The Fluffy Ruffles Story

the first Fluffy Ruffles, verse by Carolyn Wells and sketches by Wallace Morgan – February 3, 1907
the Fluffy Ruffles story, Toronto Star -January 9, 1909

The job-hunting, resourceful, and decidedly independent heroine became a national sensation shortly after her Feb. 3  premiere in the New York Herald. Fluffy was a pioneering woman in the workplace battling a reversal in fortune by making weekly tries as a journalist, florist, schoolteacher, dairy maid, waitress and more. The full page Sunday story was conceived and told in comic verse by a professional woman of note herself, the children’s and mystery writer Carolyn Wells. Herald illustrator Wallace Morgan dramatized the tale in vignettes that seemed to channel Charles Dana Gibson’s genteel magazine style. The series ran until early 1909 and quickly a multimedia juggernaut. The early episodes of her job-seeking stage were reprinted in book form before 1907 ended. Within six months of the launch The Herald started contests to find real-life Fluffy Ruffles that migrated to partner newspapers around the country. Paper dolls, chocolates, sheet music, branded hats and suits, even cigars, soon carried the Fluffy Ruffles brand. A 1908 Broadway musical production would travel the country until at least 1910, a year after the strip itself had ended.

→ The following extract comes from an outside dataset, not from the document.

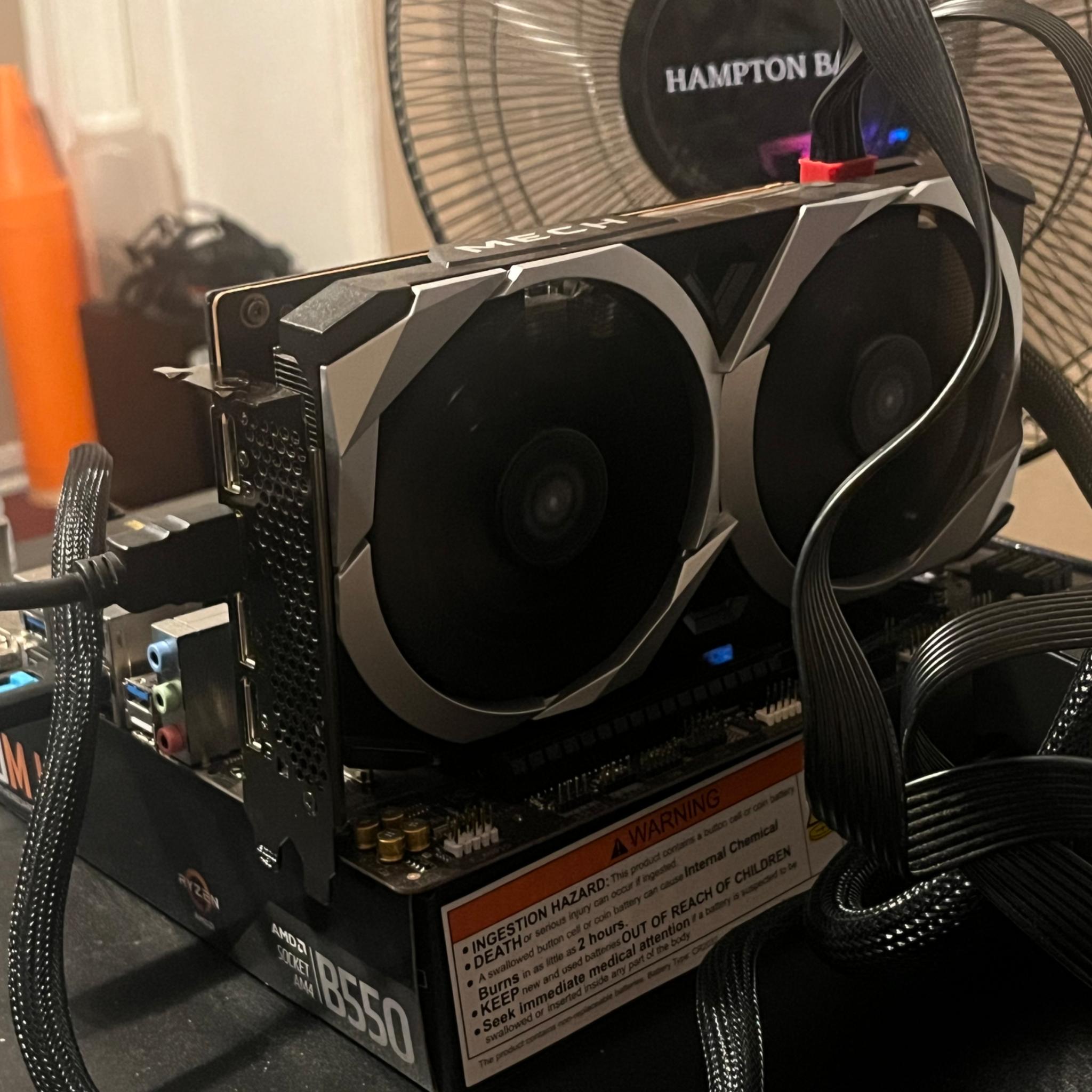 MSI AMD 6650XT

Steve Smith at Panels and Prose says:

The absence of the Fluffy Ruffles craze of 1907-1908 in standard comics histories is a major miss and hard to fathom. Wells and Morgan’s serial is one of the clearest examples of the complex ways that newspaper strips shaped an emerging ecosystem of mass media, modern taste-making, merchandising and even pop sociology from early in newspaper comics history.

Steve Smith corrects that comics history slight with “The Forgotten Cartoon Feminist of 1907.”

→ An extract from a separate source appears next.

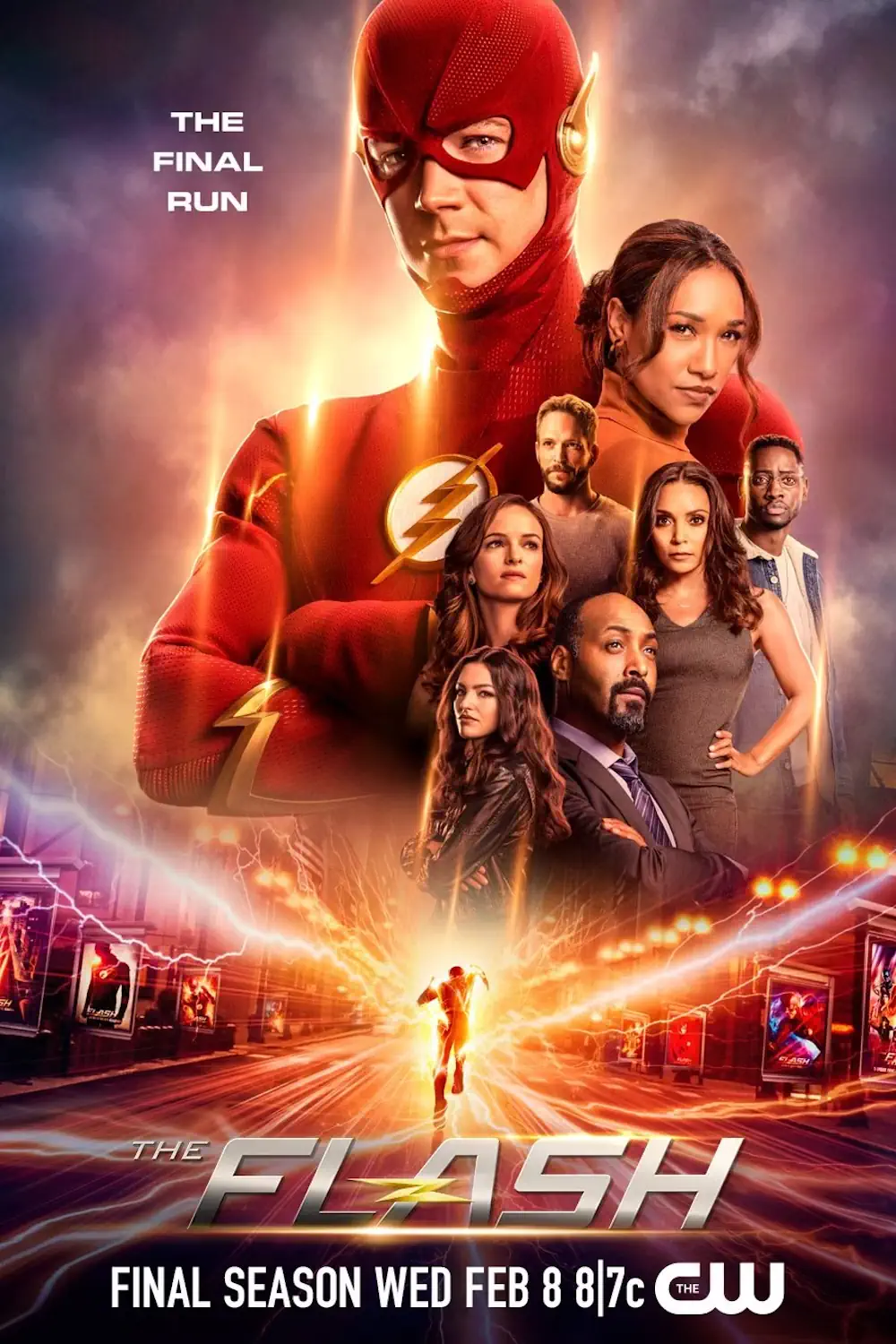 The Flash banner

Fluffy Ruffles by Wallace Morgan – January 3, 1909 (the last page)

Origins of Trudeau’s ‘Doonesbury’

B.D, Mike, and Mark from Doonesbury by G. B. Trudeau

“Doonesbury” — adapted from a comic strip that started out in the Yale Daily News — was launched in 26 newspapers across the country on Oct. 26, 1970 — 55 years ago today.

Charles Apple for The Spokane Spokesman-Review details the first decade of the Doonesbury comic strip in “The Doones From Yale.”

Fall 1966

Garry Trudeau, age 18, starts college at Yale University and begins drawing a comic strip…

November 1967

Trudeau draws two illustrations for the Yale Daily News to run with a story…

Sept. 30, 1968

Trudeau begins drawing a comic strip for the Yale Daily News based on the Yale football team and its captain, Brian Dowling. Trudeau calls the strip “Bull Tales” in honor of the school mascot, the Bulldogs…

Nov. 28, 1968

The Universal Press Syndicate sends Trudeau a letter telling him they’ve seen his “Bull Tales” strip and asks if he’d be interested in a syndication deal…

Spokane Spokesman-Review – October 26, 2025

The First “Krazy Kat” Comic Strip – Not Available

John Freeman at downthetubes gives us a rundown of the early appearances of George Herriman’s Krazy Kat in “First Appearances” since the anniversary of the strip’s was October 28, 1913 (the characters of Krazy and Ignatz debuted on July 26, 1910).

“Krazy Kat” debuted as an independent strip on the daily comics page on 28th October 1913 – and the rest is comics history. It’s a strip noted for its poetic, dialect-heavy dialogue, fantastic, shifting backgrounds; and its bold, experimental page layouts. In the strip’s main motif, Ignatz Mouse pelted Krazy with bricks, which the naïve, androgynous Kat interpreted as symbols of love.

And here is that first “Krazy Kat” comic strip of October 28, 1913:

= = = = = = = = = = = = = = = = = = = = = =

Well, no it isn’t here. It doesn’t seem to be anywhere, at least on the internet.